**Provided material**
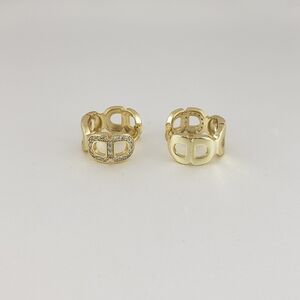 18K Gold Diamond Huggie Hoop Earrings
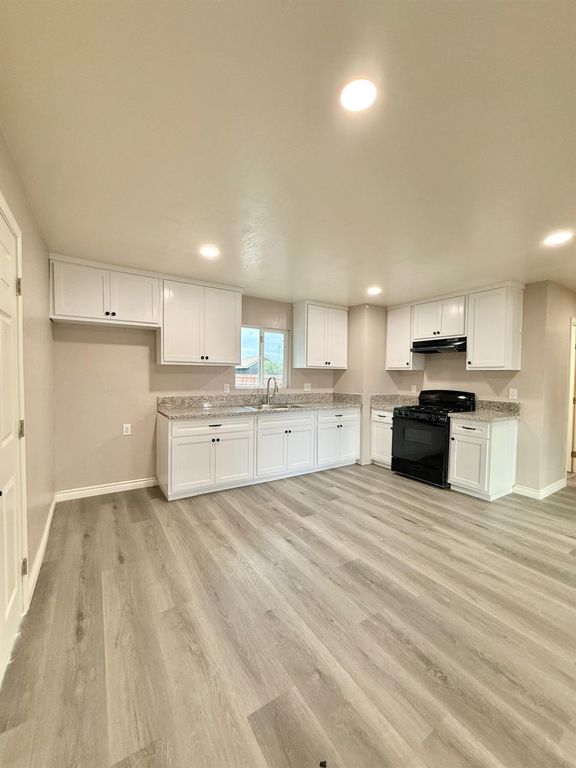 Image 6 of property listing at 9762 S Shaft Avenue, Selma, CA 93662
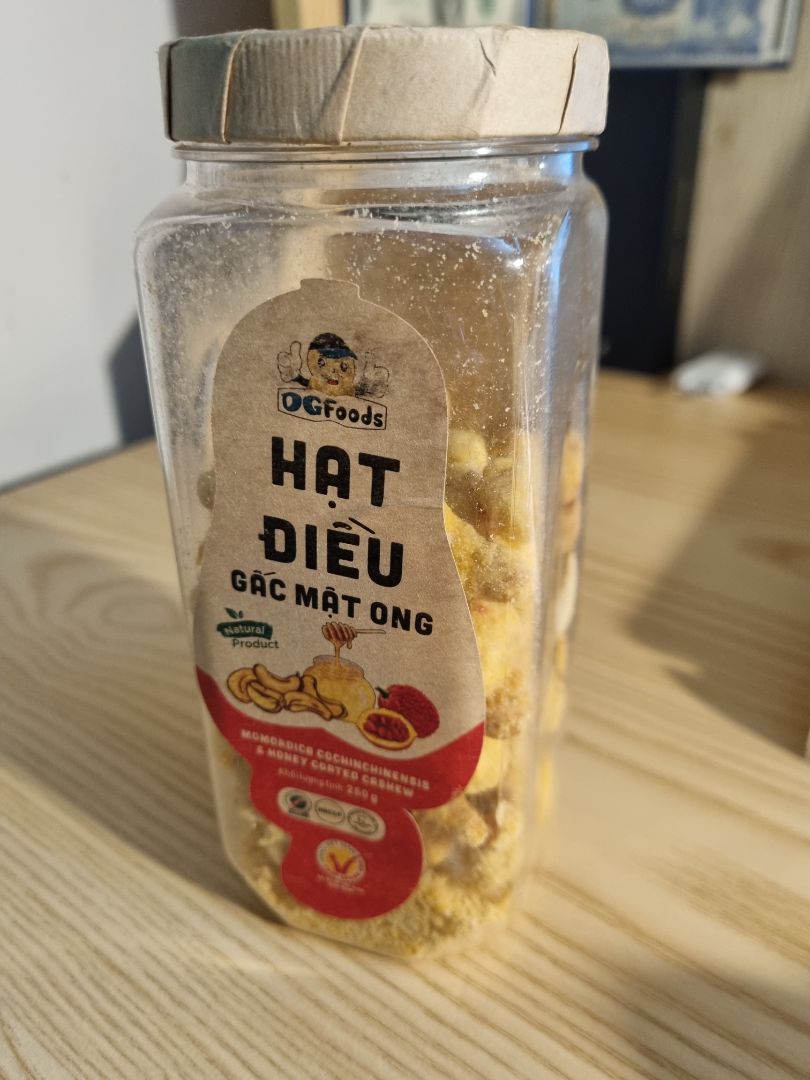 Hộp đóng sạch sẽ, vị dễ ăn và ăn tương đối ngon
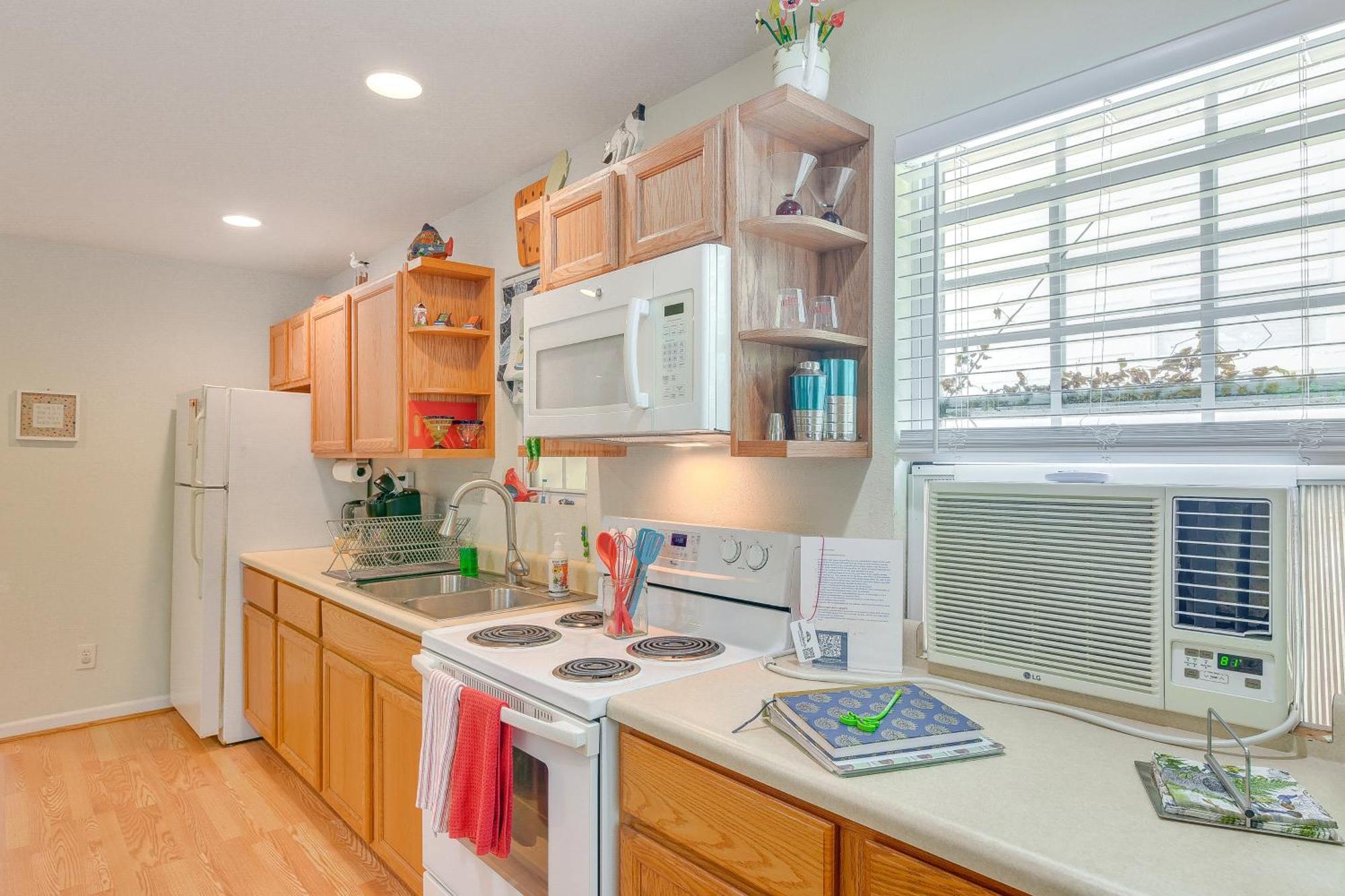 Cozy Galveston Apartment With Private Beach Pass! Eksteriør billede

**Exercise objective**
Transcribe all of the lines above exactly as given. The pictures stay out.

**Written answer**
 18K Gold Diamond Huggie Hoop Earrings
 Image 6 of property listing at 9762 S Shaft Avenue, Selma, CA 93662
 Hộp đóng sạch sẽ, vị dễ ăn và ăn tương đối ngon
 Cozy Galveston Apartment With Private Beach Pass! Eksteriør billede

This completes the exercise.